During what was meant to be a mandatory ethics compliance presentation at NSO Group's headquarters, the company's PowerPoint on responsible surveillance practices was repeatedly interrupted by pop-up notifications displaying private messages from the company's own employees.
The incident occurred as Chief Ethics Officer Michael Rothstein attempted to outline new guidelines for "responsible digital surveillance solutions" using slides that metadata later revealed were pirated from Palantir's internal servers. Witnesses report that halfway through a slide titled "Respecting Personal Privacy," the screen was overtaken by a series of messages from the company's internal Slack channels.
Calendar notifications kept appearing throughout the presentation, revealing meetings scheduled for "Rebranding Surveillance as Freedom™," "UN Testimony Rehearsal," and "Operation: Delete Everything - URGENT - Day After Court Date."
"First it was just personal lunch plans," said one anonymous attendee. "But then we saw screenshots from VP David Kaplan's dating app conversations, and someone's embarrassing WebMD searches about toe fungus."
The presentation deteriorated further when the system displayed several employees' private complaints about management, including one message that read: "lol these ethics guidelines are about as real as my ex-wife's commitment to our marriage."
Rothstein attempted to continue the presentation while IT staff frantically tried to regain control of the system.
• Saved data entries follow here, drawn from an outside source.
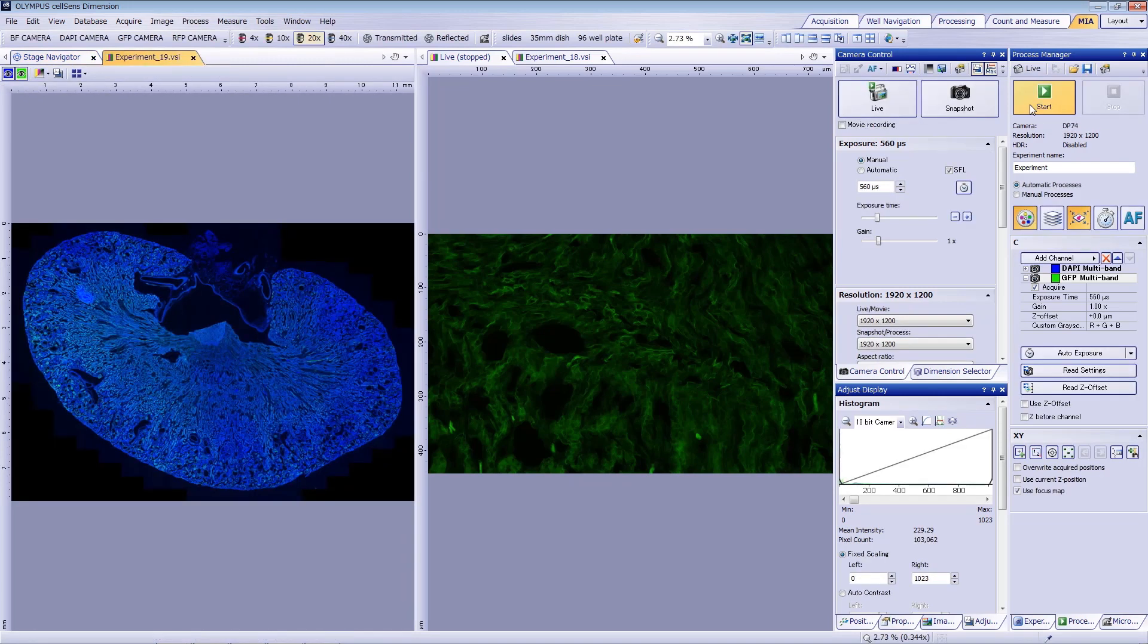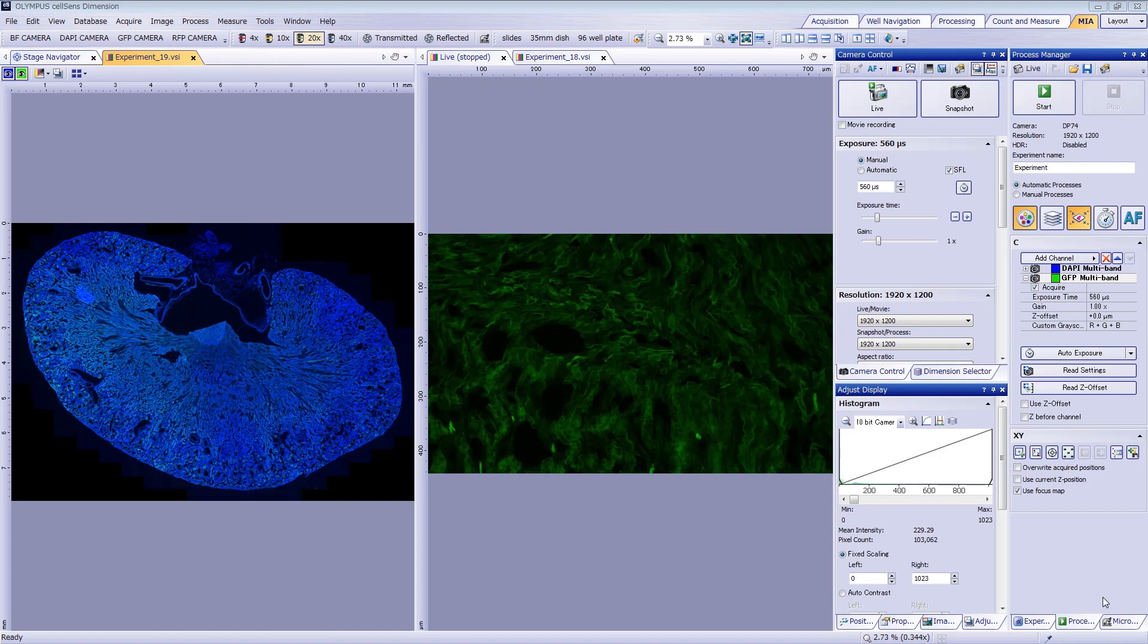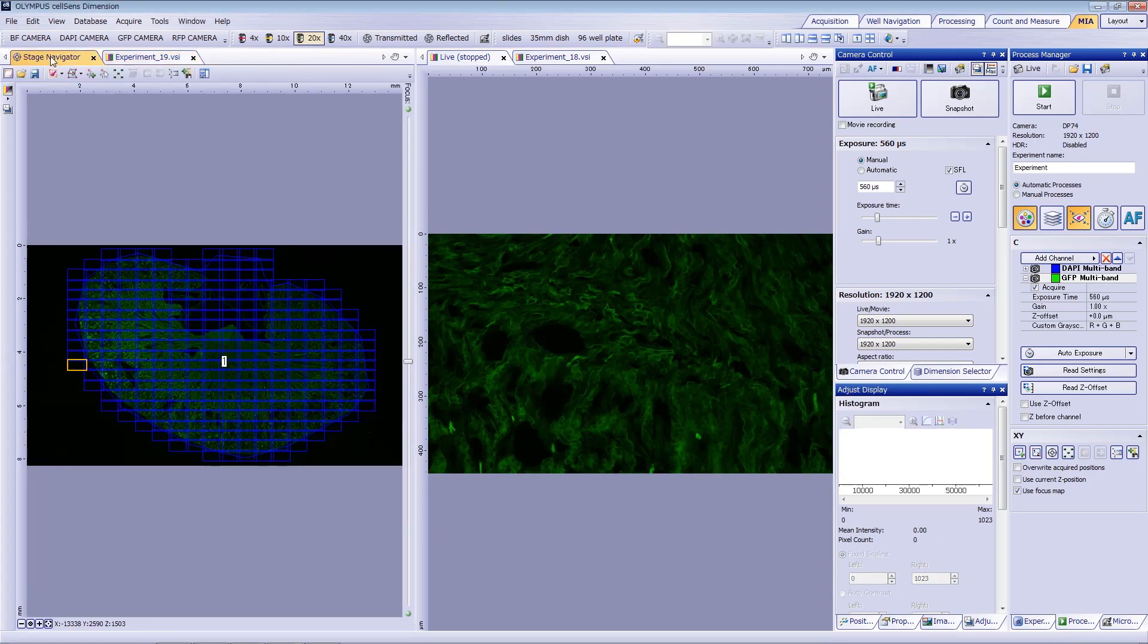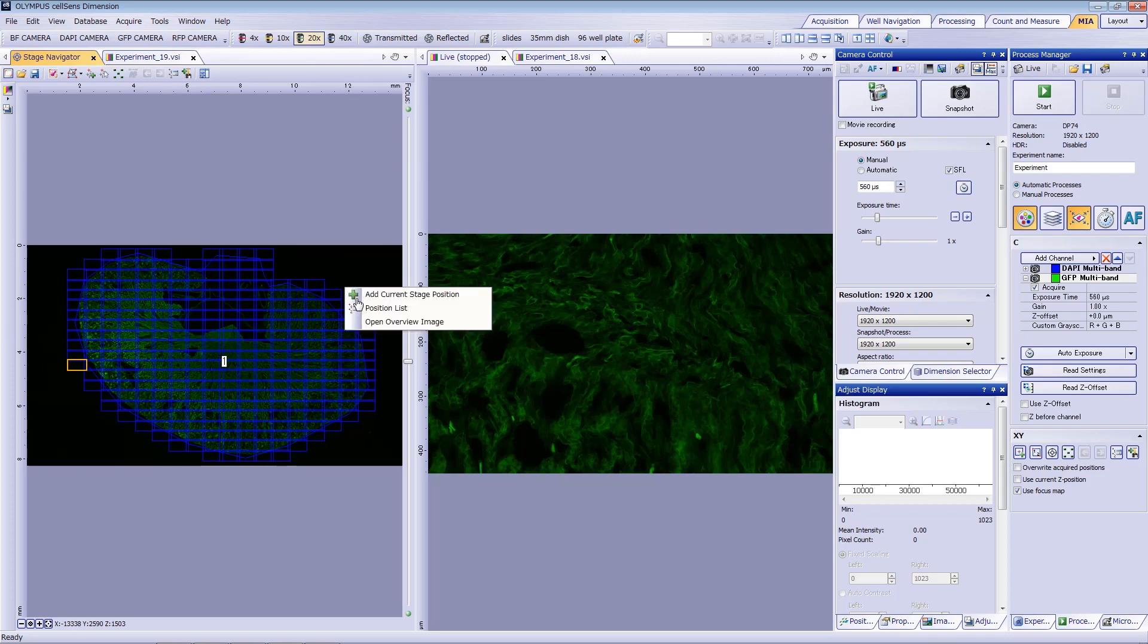When you've confirmed that the image was acquired as expected, you can close the live window. We recommend saving your overview image so that you can view it later with your high-resolution image. To view your overview image as a file, right-click on the image within Stage Navigator and click View Overview Image.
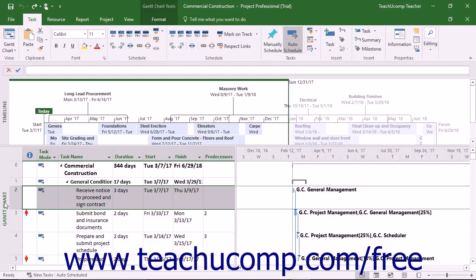Many views in Microsoft Project focus on showing task details or resource usage details. This lesson shows you how to switch between different project views within Microsoft Project.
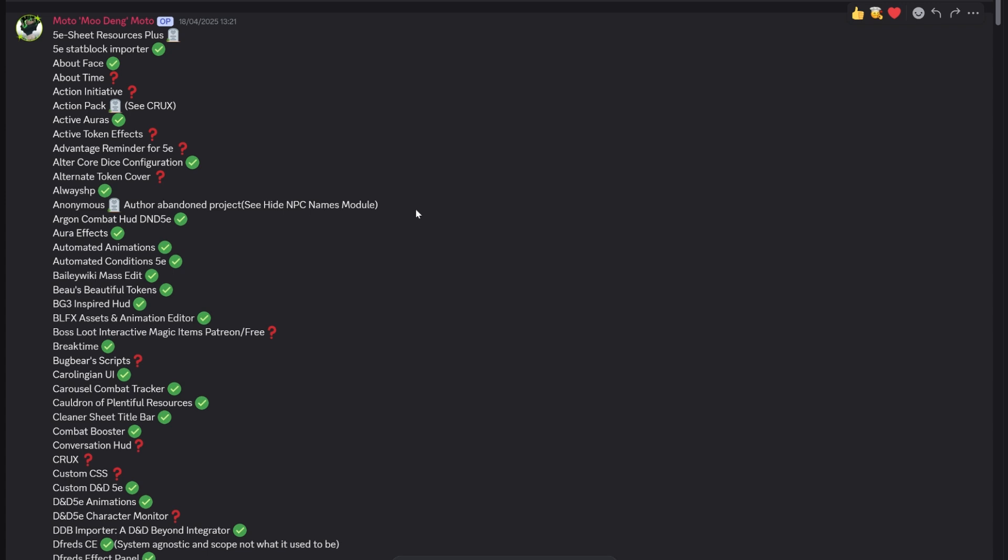This is a quick update on the progress of mods for version 13 because we've had a significant move forward. MIDI QOL has just hit for version 13. So if you are looking to update, you can move whenever you're ready.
However, the situation reached its peak when the projector displayed a recent email thread between senior executives discussing ways to rebrand their surveillance tools as "privacy enhancement solutions."
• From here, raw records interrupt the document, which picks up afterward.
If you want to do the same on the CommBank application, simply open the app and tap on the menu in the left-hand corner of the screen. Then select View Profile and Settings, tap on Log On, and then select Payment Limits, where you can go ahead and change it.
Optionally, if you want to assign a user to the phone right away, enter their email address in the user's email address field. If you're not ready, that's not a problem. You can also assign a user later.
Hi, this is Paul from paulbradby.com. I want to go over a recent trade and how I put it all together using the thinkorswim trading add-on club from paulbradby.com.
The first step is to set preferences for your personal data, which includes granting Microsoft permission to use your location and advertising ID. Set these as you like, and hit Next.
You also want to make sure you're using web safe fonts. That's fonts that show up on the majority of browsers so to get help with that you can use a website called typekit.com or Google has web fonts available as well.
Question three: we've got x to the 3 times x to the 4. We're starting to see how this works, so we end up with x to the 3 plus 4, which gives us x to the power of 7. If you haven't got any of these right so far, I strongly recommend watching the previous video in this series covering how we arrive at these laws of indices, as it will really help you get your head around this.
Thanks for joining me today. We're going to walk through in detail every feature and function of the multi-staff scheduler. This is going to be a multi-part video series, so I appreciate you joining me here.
"The worst part was when someone's phone camera activated and we all watched the CFO rehearsing his congressional testimony in his office, practicing different ways to say 'I do not recall' and 'I cannot speak to those specific allegations,'" another employee noted.
NSO Group's PR team quickly issued a statement calling the incident "a planned demonstration of our software's capabilities." However, this was immediately undermined by their own private Slack messages appearing on screen, including "OH GOD OH GOD WHO APPROVED THIS PRESENTATION" and "Does anyone know a good crisis management firm?"
The presentation's final slide, "Our Commitment to User Privacy," was reportedly never shown, as it was obscured by the company's customer service chatbot repeatedly asking itself "Are we the baddies?"